Editorial: Guerre de positionnements sur le territoire sénégalais

Monday, October 30, 2017

À l’instar de ses voisins, le Sénégal n’est pas à l’abri d’une attaque terroriste. C’est cette leçon de vulnérabilité face à ce fléau du siècle que vient de nous démontrer ce communiqué de la chancellerie américaine à Dakar, il y a une dizaine de jours. Dans ce communiqué, l’Ambassade américaine enjoint ses compatriotes d’éviter certains endroits “sensibles” de la capitale sénégalaise : la plage et certains hôtels.

Le plus invraisemblable dans cette histoire, ce que nos amis américains n’informent pas les autorités du pays hôte et s’adressent directement à ses compatriotes établis sur le sol sénégalais. Téranga sénégalaise abusée n’est-ce pas?

Semant au passage le trouble et la panique, suspendant aussi cette habituelle fréquentation des officiels à Dakar. Faut-il le rappeler, beaucoup de rencontres ont été annulées jusqu’à nouvel ordre.

Devant le pesant silence de l’État sénégalais et en  guise de réplique, l’ambassadeur de la France au Sénégal dément l’existence d’une telle menace. Faisant souffler le chaud et le froid sur une question aussi sensible que la sécurité. Une guerre des gladiateurs sur le sol sénégalais qui ne dit pas son nom.

Quoi qu’on dise, la diplomatie est à l’image de ceux qui l’incarnent. Pourtant, nous avons face à nous deux alliés a priori à la tête de deux puissances. L’une régentée par un imprévisible président, l’autre par un jeune fougueux. Chacun essayant d’imposer sa marque, envie d’engranger des points pour les prochaines batailles internationales.
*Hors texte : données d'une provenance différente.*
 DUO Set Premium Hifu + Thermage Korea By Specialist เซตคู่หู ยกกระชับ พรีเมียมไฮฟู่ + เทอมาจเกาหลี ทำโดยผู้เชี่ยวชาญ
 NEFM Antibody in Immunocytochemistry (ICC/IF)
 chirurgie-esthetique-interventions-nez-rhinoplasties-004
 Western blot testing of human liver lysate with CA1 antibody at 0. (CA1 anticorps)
Inutile de rappeler que le terrorisme rode à nos frontières. Les attentats dans la sous-région nous servent de précèdent pour se préparer à cette éventualité non voulue mais presque inéluctable. Heureusement que les services de renseignement du Sénégal abattent un remarquable travail, en tâchant de circonscrire toutes les cellules dormantes à travers le pays. Depuis son arrestation fin 2015, la bande de l’Imam Ndao n’a quasiment plus refait surface.

Aujourd’hui, nous attendons une réaction des autorités sénégalaises digne de ce nom pour un signal fort à nos alliés, puissants soient-ils. Reprendre un de ses pouvoirs les plus emblématiques, l’assurance de l’intégrité territoriale par des symboles. La sécurité des Sénégalais et de toutes autres personnes vivant sur son sol lui incombe.
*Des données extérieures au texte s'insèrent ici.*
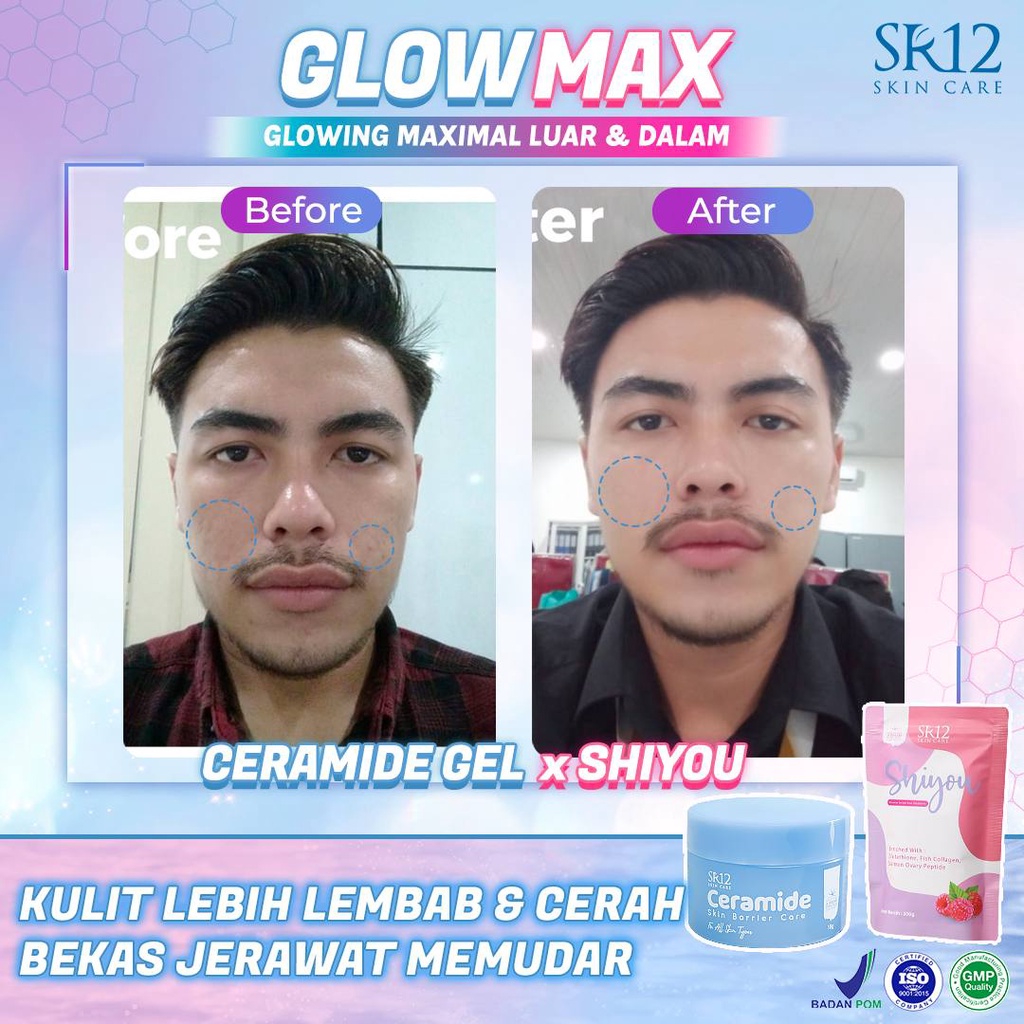 Shiyou Collagen Drink SR12 | Minuman Pemutih Badan Cepat | Glowing Maximal | Colagen Beauty Drink | Suplemen Kecantikan | Minuman Kolagen | Suplemen Makanan | Premium Collagen Drink | Minuman Kolagen Pemutih Badan | Suplemen Pemutih Kulit BPOM | Madu SR12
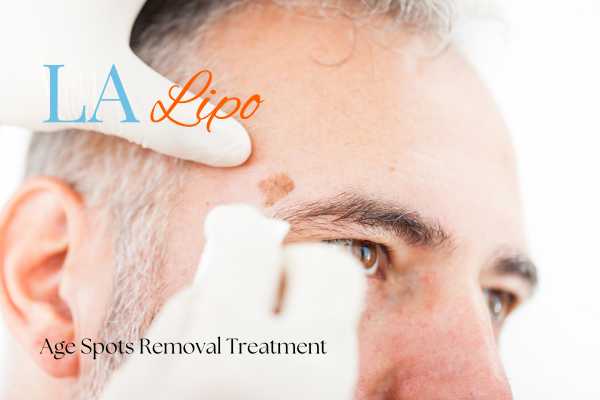What Are the Most Effective Treatments for Age Spots Waltham Abbey?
Et la Gambie dans tout cela?

Si le Sénégal éternue, la Gambie s’enrhume pourrait-on dire.

Si ce  puissant voisin immédiat n’est pas à l’abri d’une quelconque frappe terroriste (nous ne le souhaitons pas), ce n’est pas ce petit pays entièrement englouti dans le Sénégal qui le sera. Dans un contexte d’alternance politique et d’une morosité économique, Banjul est dans un tournant décisif dans la marche de son histoire.

 À observer le fonctionnement de la société et certaines habitudes en Gambie nous le souhaitons pas une fois de plus et nous touchons du bois, une attaque terroriste risque d’être très hypothétique et rédhibitoire à l’une des sources vitales de l’économie : le tourisme.

La saison touristique est ouverte depuis un mois et les nouvelles autorités en place espèrent une bonne saison touristique pour soulager la machine économique qui en a tant besoin. Une bonne saison touristique dans un contexte d’ouverture économique et de démocratie est synonyme de source de devises considérables. Secteur très important du pays, le tourisme peut être plus rentable avec l’assainissement du secteur et une bonne communication pour séduire les cibles.

La Gambie a tous les atouts pour plaire et attirer les touristes en quête d’exotisme: de belles plages, un pays ensoleillé, l’existence d’infrastructures d’accueil, un pays stable où règne désormais un état de droit.

Avec une  bonne campagne de communication, la Gambie peut accueillir une clientèle touristique régionale, voire africaine. En se rendant en Casamance ou dans le Saloum pour quelques jours de congés, le fonctionnaire sénégalais peut être tenté par une visite plus exotique en Gambie avec moins de frais que dans un autre pays de la région. Ce faisant, l’origine des touristes pourrait être diversifiée pour sortir un peu de la dépendance scandinave de l’origine des touristes visitant la Gambie.